The treatment plant will discharge into an environmentally sensitive swale that empties into the Thames Estuary and must meet the Environment Agency’s stringent standards of 15:15:03 mg/l for ammonia and suspended solids.  The water specialist will provide an underground HiPAF (High Performance Aerated Filter) system for ammonia removal, as well as a metering unit and sand filter to further improve the final effluent in accordance with site-specific permit requirements. The design also includes a small pumping system due to the depth of the incoming effluent and a pumped backflow chamber.

Dominic Hamblin, WPL’s technical director, said, “DP London Gateway is a key logistics hub and we are pleased to be able to deliver this environmental solution on site on its behalf.

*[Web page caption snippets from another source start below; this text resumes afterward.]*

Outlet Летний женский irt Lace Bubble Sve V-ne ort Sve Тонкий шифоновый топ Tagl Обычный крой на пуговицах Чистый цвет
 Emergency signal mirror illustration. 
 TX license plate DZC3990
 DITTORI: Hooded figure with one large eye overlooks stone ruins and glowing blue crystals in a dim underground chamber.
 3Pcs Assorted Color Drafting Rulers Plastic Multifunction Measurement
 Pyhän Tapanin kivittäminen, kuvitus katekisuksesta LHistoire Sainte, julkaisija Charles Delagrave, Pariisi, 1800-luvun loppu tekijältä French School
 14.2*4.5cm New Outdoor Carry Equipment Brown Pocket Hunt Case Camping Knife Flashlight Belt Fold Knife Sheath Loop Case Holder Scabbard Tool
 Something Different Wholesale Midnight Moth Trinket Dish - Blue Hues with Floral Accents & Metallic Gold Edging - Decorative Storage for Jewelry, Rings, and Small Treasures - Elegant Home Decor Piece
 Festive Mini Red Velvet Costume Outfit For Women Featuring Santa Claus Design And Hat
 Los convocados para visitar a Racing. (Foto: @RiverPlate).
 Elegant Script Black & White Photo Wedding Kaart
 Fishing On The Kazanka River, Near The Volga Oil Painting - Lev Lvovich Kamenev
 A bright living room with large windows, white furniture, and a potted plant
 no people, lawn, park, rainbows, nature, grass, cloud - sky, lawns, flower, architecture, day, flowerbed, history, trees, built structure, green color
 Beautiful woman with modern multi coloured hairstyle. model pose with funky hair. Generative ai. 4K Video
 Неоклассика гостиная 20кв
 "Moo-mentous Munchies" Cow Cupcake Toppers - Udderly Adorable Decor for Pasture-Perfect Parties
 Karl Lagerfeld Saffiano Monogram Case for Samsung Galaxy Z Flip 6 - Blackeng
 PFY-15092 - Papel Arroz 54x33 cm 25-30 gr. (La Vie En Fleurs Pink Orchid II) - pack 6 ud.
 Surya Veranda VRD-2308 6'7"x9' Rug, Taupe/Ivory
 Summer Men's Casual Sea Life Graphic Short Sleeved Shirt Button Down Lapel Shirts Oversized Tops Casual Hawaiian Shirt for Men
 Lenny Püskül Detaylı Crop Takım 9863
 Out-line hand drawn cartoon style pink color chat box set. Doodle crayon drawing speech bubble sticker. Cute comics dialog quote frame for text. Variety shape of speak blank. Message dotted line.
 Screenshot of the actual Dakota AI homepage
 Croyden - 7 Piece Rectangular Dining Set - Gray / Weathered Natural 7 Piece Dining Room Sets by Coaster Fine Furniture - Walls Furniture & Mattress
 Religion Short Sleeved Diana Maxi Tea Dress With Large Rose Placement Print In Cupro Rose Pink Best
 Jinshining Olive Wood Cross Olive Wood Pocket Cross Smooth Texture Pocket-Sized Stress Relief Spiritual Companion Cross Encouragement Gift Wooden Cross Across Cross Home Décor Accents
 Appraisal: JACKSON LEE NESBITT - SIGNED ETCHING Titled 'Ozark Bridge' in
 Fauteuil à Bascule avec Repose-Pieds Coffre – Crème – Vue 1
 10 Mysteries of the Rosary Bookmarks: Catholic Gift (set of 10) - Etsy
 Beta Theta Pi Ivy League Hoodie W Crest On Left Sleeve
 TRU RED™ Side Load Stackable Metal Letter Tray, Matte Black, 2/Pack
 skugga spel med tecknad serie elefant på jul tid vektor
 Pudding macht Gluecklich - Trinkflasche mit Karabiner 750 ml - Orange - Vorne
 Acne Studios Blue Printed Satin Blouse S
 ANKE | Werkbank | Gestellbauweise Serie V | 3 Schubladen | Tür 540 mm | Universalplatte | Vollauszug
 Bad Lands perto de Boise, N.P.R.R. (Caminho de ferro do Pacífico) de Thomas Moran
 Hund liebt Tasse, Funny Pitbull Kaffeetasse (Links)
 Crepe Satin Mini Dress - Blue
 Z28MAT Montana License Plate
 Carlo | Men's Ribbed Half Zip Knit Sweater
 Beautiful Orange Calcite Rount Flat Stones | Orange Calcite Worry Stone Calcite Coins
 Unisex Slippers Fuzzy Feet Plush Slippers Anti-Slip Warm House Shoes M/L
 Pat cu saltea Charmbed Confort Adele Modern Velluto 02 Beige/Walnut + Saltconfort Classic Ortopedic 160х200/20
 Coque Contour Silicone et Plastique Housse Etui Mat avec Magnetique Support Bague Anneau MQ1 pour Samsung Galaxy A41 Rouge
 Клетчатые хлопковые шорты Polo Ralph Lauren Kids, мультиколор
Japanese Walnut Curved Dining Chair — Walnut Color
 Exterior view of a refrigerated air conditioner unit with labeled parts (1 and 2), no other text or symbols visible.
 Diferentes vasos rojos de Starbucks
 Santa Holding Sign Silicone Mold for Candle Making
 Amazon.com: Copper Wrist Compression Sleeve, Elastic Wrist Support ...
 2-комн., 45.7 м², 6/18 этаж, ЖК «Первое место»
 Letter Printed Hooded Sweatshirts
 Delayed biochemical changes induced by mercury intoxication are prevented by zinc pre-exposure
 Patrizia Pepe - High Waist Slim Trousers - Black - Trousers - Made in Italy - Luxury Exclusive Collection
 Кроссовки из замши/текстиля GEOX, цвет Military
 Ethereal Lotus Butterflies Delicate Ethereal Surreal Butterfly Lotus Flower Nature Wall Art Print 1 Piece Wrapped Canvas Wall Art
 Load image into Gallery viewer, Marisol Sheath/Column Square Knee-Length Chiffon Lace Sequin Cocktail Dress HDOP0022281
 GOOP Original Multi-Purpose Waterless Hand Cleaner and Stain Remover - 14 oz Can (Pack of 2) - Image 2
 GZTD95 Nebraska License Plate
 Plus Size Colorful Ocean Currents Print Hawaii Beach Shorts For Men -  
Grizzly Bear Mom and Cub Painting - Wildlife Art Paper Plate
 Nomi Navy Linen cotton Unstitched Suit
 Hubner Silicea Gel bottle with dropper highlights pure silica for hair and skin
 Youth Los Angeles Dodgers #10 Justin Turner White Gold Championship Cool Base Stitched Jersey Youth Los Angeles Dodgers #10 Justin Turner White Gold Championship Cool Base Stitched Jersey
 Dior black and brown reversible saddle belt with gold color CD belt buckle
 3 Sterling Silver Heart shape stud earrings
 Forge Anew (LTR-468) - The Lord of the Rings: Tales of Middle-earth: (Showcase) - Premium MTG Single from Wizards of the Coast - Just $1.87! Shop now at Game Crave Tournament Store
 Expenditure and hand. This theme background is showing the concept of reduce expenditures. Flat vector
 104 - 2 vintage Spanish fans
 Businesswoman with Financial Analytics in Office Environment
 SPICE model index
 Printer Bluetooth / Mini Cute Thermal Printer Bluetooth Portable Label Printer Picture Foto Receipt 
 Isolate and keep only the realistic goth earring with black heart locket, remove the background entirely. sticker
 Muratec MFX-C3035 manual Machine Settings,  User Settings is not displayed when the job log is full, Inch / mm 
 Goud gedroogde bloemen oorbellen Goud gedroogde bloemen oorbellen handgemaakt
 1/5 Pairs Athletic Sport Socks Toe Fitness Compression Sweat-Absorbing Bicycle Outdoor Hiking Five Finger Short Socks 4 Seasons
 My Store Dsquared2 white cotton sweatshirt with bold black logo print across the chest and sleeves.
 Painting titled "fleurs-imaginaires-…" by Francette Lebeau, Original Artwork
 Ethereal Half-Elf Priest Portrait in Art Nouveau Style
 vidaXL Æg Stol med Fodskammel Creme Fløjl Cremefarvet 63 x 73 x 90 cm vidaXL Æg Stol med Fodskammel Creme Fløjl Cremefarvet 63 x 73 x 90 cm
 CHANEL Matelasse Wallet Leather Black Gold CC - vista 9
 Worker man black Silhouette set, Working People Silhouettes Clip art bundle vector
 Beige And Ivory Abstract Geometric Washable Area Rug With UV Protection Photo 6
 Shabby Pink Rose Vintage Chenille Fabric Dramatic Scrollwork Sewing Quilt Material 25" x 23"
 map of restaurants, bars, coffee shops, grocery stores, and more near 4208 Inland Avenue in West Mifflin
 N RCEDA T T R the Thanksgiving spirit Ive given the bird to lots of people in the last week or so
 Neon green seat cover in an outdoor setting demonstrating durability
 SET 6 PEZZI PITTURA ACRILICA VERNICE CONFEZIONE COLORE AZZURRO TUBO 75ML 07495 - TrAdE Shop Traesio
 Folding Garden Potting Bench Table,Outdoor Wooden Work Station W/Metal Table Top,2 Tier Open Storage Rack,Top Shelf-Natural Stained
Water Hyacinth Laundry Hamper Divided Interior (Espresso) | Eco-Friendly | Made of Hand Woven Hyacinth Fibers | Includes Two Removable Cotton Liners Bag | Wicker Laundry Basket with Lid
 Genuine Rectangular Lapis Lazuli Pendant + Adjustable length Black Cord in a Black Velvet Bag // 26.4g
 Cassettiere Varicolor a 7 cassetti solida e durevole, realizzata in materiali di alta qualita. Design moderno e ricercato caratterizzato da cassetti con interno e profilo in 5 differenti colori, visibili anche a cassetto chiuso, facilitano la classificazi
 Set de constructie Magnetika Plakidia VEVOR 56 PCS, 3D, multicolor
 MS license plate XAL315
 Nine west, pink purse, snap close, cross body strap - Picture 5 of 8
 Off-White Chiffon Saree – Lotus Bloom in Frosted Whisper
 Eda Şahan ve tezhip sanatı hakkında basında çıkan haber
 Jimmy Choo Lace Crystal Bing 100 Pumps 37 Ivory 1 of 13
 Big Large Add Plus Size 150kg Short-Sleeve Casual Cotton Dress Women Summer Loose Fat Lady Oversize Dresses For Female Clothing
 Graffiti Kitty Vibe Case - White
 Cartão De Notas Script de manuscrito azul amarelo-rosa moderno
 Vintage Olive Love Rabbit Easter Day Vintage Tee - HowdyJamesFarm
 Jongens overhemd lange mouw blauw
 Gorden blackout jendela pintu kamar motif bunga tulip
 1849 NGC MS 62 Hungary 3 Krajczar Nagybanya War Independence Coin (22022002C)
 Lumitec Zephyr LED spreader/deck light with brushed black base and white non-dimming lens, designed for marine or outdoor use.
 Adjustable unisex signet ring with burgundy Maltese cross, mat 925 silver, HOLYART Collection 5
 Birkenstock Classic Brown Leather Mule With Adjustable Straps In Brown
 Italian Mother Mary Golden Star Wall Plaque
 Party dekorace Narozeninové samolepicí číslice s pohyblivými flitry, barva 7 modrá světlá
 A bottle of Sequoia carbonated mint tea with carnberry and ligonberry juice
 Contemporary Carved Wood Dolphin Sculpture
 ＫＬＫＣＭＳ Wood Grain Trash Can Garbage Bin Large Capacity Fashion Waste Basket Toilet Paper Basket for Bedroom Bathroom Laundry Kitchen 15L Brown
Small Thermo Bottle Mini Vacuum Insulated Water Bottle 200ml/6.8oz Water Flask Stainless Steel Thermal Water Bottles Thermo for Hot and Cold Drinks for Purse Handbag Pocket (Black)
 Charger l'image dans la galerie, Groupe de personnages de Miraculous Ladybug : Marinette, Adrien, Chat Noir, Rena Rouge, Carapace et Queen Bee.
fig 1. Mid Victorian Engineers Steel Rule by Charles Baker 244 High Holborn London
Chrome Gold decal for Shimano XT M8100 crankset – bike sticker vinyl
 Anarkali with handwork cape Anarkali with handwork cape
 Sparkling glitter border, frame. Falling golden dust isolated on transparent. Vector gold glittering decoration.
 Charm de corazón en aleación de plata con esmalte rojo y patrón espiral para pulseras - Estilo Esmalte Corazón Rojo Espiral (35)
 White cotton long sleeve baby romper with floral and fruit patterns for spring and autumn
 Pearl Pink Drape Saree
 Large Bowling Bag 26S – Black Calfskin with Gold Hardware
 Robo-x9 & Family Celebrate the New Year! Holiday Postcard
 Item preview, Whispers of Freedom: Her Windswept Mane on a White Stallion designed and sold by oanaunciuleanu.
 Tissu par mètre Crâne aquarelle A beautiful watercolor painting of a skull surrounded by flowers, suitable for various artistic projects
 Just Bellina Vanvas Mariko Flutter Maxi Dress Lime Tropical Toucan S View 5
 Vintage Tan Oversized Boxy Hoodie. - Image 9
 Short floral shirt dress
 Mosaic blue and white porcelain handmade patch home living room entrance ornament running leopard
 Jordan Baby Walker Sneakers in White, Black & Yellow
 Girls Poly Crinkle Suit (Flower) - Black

“WPL’s modular HiPAF product range meets the stringent European standards for permitting wastewater without the use of chemicals. The technology is regularly used by UK water utilities and is a good choice for sensitive sites such as marshes, which are shallow and not heavily diluted.

“The HiPAF’s compact design allows it to be installed in locations where space is at a premium, such as a busy commercial area. In addition, our sand filters are designed to remove excess suspended solids and biological oxygen demand when permit standards are above what would normally be expected from a biological process. 

“Once operational, the plant will provide robust wastewater treatment while being quiet, visually unobtrusive and easy to maintain. WPL’s wastewater treatment plant is being built by Readie Construction. Construction is scheduled to begin before the end of 2021 and is expected to take 12 weeks.

“DP World London Gateway is a high-profile site surrounded by sensitive water bodies. We are therefore pleased to be working with WPL to install on-site wastewater treatment for the new warehouse building.”